Устать как бы сразу – увидев полет бабочки, стремящейся в потоки восходящего пространства, воздуха, не таящего свою ландшафтную, небесную мощь и силу. Невозможность подняться вне места, означенного как место воздуха, как точка и локус, отягощенные очертаниями бесцветного и незаметного в своем неразличении (самого себя) бытии. Так вот: ожидание простора собственных решений на фоне упавшей бабочки с поврежденным крылом, осыпавшейся пыльцой, еще подрагивающей безнадежно – это ожидание затягивается пасмурным серым небом, тянущим одеяло географического воображения к месту, где полет, взлет, парение смотрятся как простейшее течение, перетекание самого тела уточненной точечной мысли.

Не требуя ландшафта – скорого, с пылу с жару, самодовольного, самоуспокоенного.

Не требуя ландшафта отчаянного, фронтирного, зависающего на лету, «гусарского».

Не требуя ландшафта сосредоточенного, углубленного, медитирующего – короче, может быть, «фрактального».

Пытаясь осознать ландшафт-как-он-есть, ландшафт как мысль, приземленную своей собственной небесностью.

Пытаясь научиться ландшафту как школе размещенного кругозора – окоема, раскинутого протяженностью и пространством внутренней перспективы.

Пытаясь воображать ландшафт птицей, севшей на качающуюся ветку собственного бытия-полета.

Ландшафтом заземлить ток сумасбродных облаков, затеняющих рельеф самого воздуха.

Продвигаясь по городу моих рассуждений и предположений. Разбитый асфальт, мусор на каждом шагу, толпы разлитого равнодушия.

Не смущаясь, не отрицая среды полной пустоты, улиц растянутого, как плохие чулки, сожаления; окон скукоженных домов, не держащихся за свое – якобы – место.

Сосредотачиваясь сплошным шумом жаркого, потного, суматошного городского лета; говором тающего цветного мороженого, обрывками наглых автомобильных междометий и глосс.

Город, чудовище всех бездонных поколений укрощенного – временно – пространства; пространства, чей миф не стоит и шага почти остановленного открытыми горизонтами бытия.

Горизонт – забытый, загубленный, заслоненный нахрапом места, не обладающего никакими регалиями предельной про-странственности.

Здоровенная трехлитровая пустая банка на балконе – стоит как совершенная китайская ваза, самоценная в своей единственной размещенности на фоне беспорядочной улицы внизу, сознания, обретшего свое неразменное пространство; вдохновения ландшафта, просвечивающего очень ясно и точно сквозь обычное зеленоватое стекло.

Театр Чарльза Дарвина

Висение, повисание на нитках Бытия.
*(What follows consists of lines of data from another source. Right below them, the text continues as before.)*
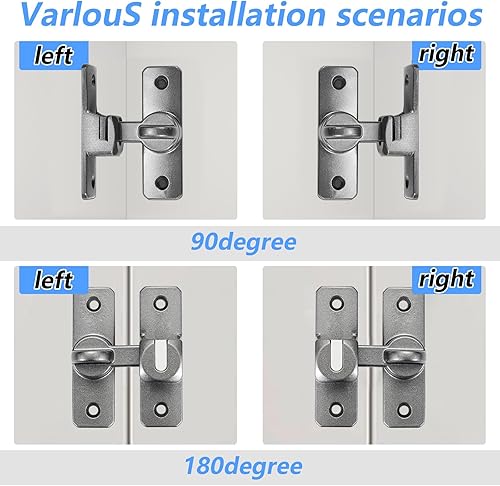 Miniatura 4 de Cerradura de puerta de granero, cerradura de cadena de puerta, cerradura de puerta de tormenta, cerraduras de puerta abatible de 90 o 180 grados,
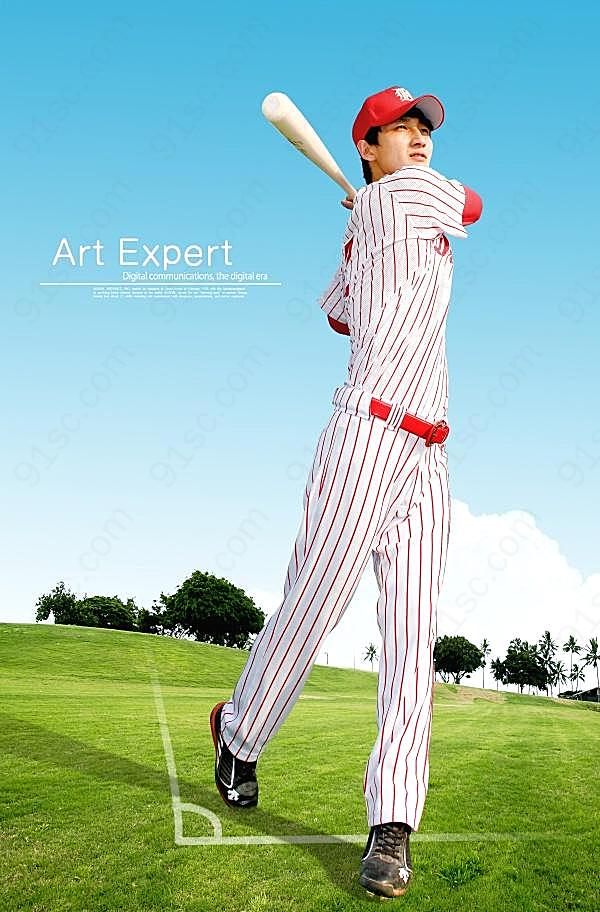 挥杆人物golf创意海报人物生活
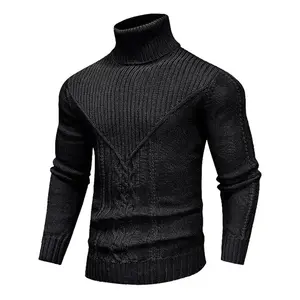 Men's Solid Color Textured Turtle Neck Sweater, Regular Fit Casual Long Sleeve Jumper for Fall & Winter, Men's Knitwear for Daily Wear, Knit Pullover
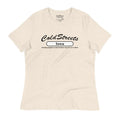 Cream-colored ring-spun combed cotton t-shirt with Cold Streets Iowa print design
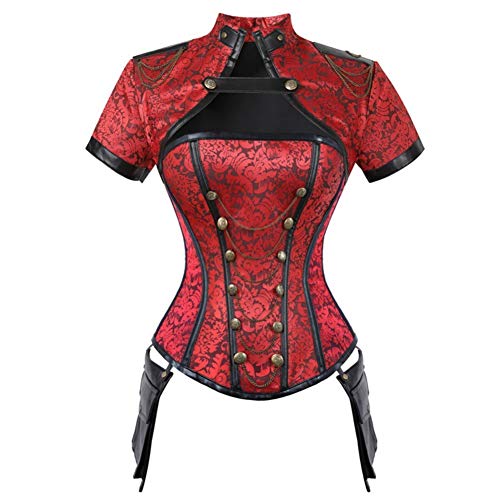 DISSA Damen Retro Schnürt Sich Corsage Korsett Vollbrust Korsett Stahl entbeint,C719,Rot,L DISSA Damen Retro Schnürt Sich Corsage Korsett Vollbrust Korsett Stahl entbeint,C719,Rot,L von DISSA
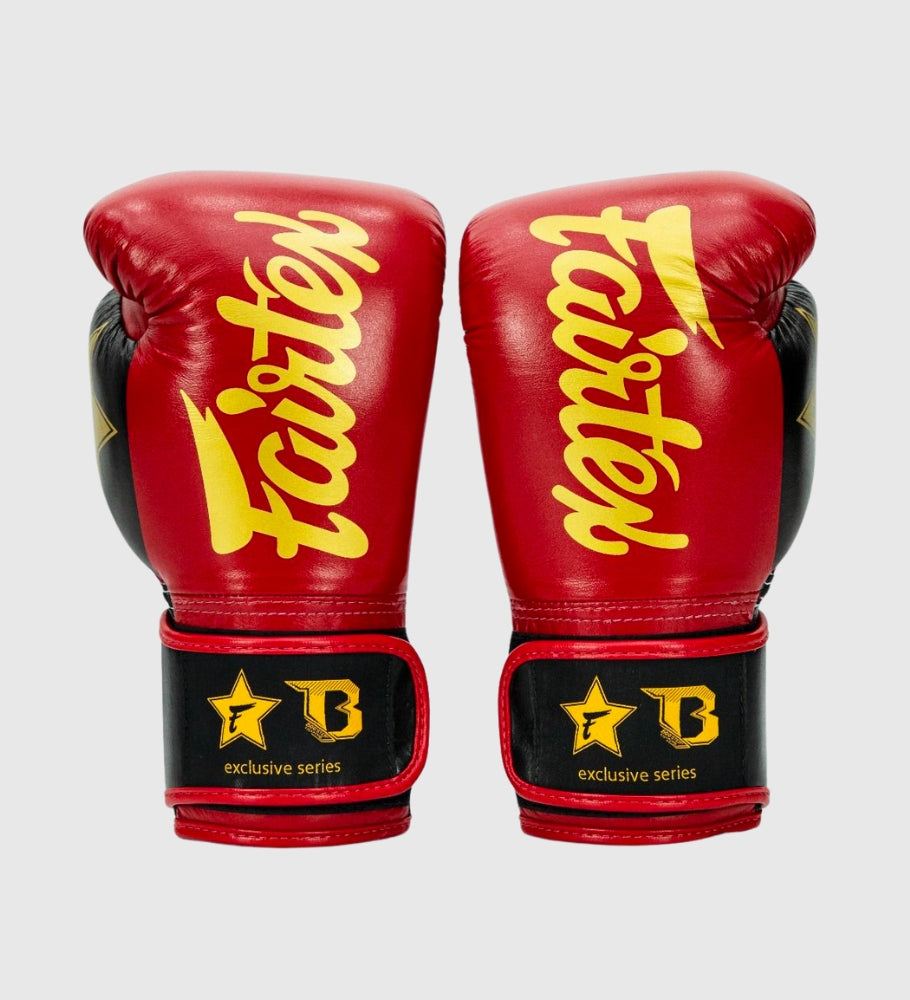 Fairtex (Kick)Bokshandschoenen FXB V2 - Rood/Zwart/Goud - Booster Fight Store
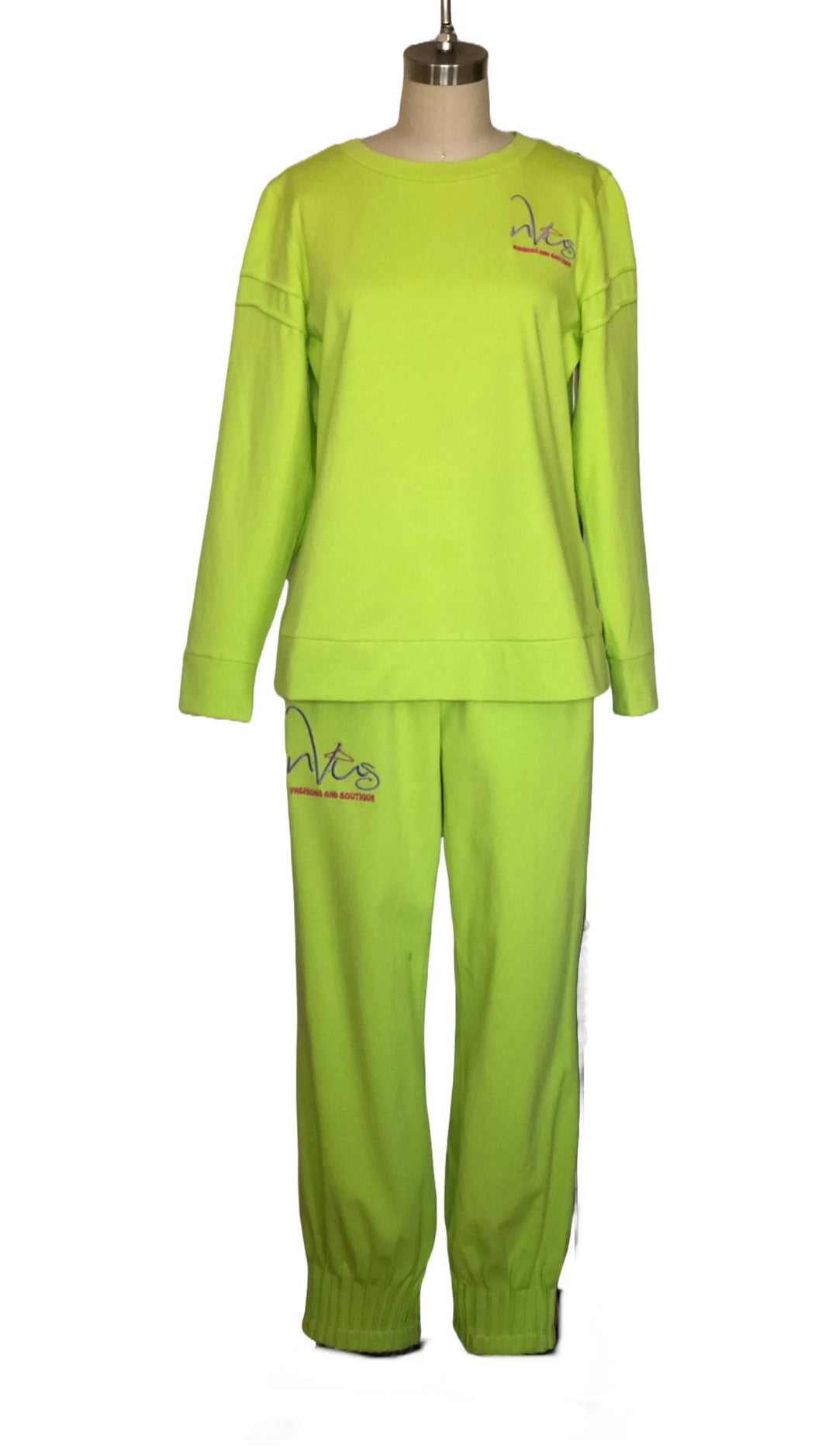 Dancer’s Sweatsuit with Embroidered Custom Logo (Citrus) - Style #2304EK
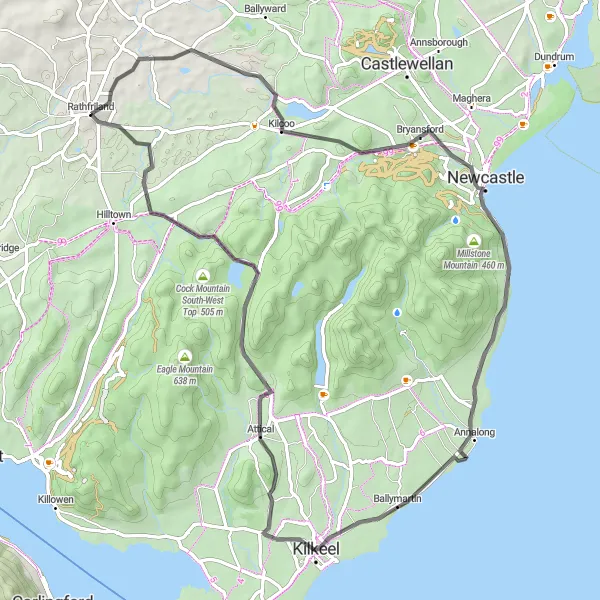 Map miniature of "Kilcoo to Hen Mountain Route" cycling inspiration in Northern Ireland, United Kingdom. Generated by Tarmacs.app cycling route planner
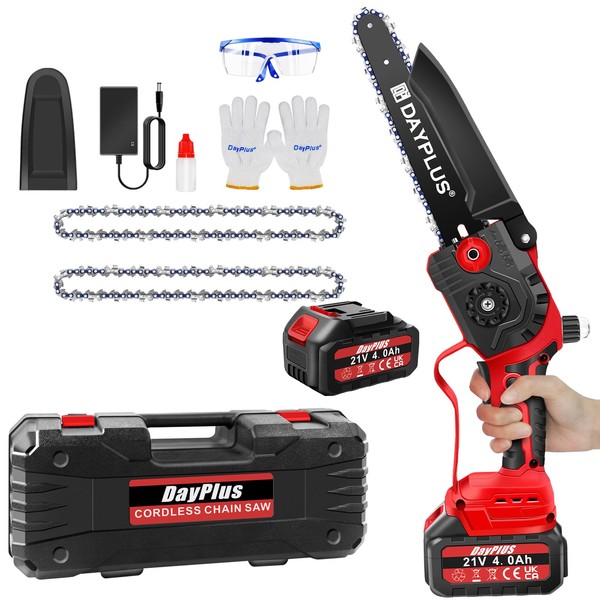 8 inch Mini Chainsaw Cordless One-Handed Lightweight 21V Electric Battery
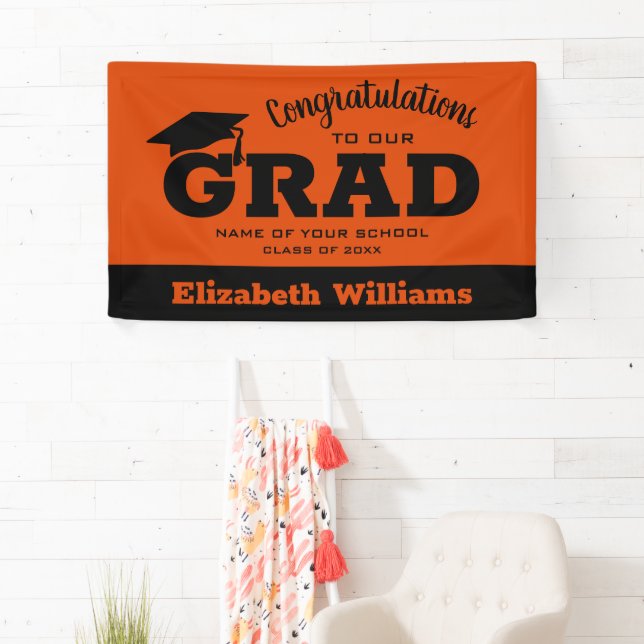 Modern Congratulations Grad Black on Orange Banner (Insitu)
Воздух бытия осознается в этом повисании строго по вертикали, вращаясь, как цветной продолговатый детский кубик. В сущности, и вся жизнь может расцениваться как вращающийся, застывающий момент нематериальной, воздушной точки зависания, восторга, восхождения.

В «Происхождении видов» Дарвина заметно стремление автора раскрыть свою собственную пытливость посредством обращения к дискурсу, чей облик напоминает не столько картезианские протяженности, сколько глубокие, глубинные земляные шурфы, некое ментальное почвоведение, в котором всякая мысль расширяется, как ни странно, оригинальным утончением, уточнением, дополнительной вертикализацией, захватывающей и пространство научно-письменной наррации. Текст Дарвина «плывет», будучи географическим образом речного течения, направленного в каждой точке одновременно и «вперед», и «назад».

Стена дома наискосок, под лучами низкого вечернего солнца. Отколовшиеся мелкие плиточки, лакуны старого крупитчато-серого «бетонного» покрытия. Не архаика и поэзия разрушения и запустения, но барельефный ландшафт мелкого неизвестного мира – не инопланетного, а земного и трансверсального. Это просто топографическая карта пространства, не сильного прорастающей острой сорной травой, а гордящегося застывшей пеной стенной вечности, вообразившей себя образом быстротекущего времени. Шероховатые тени, плоящие вечернюю стену как место, лишенное благоприятности эмпирического комфорта, удобства, отдыха. Я всматриваюсь (тщетно) в эту стену, надеясь с вечерними тенями увидеть скрытое гнездо сумерек и утерянную границу осенней ночи – ночи, воспользовавшейся разнеженностью и просторным, раскинувшимся бесстыдством бабьего лета.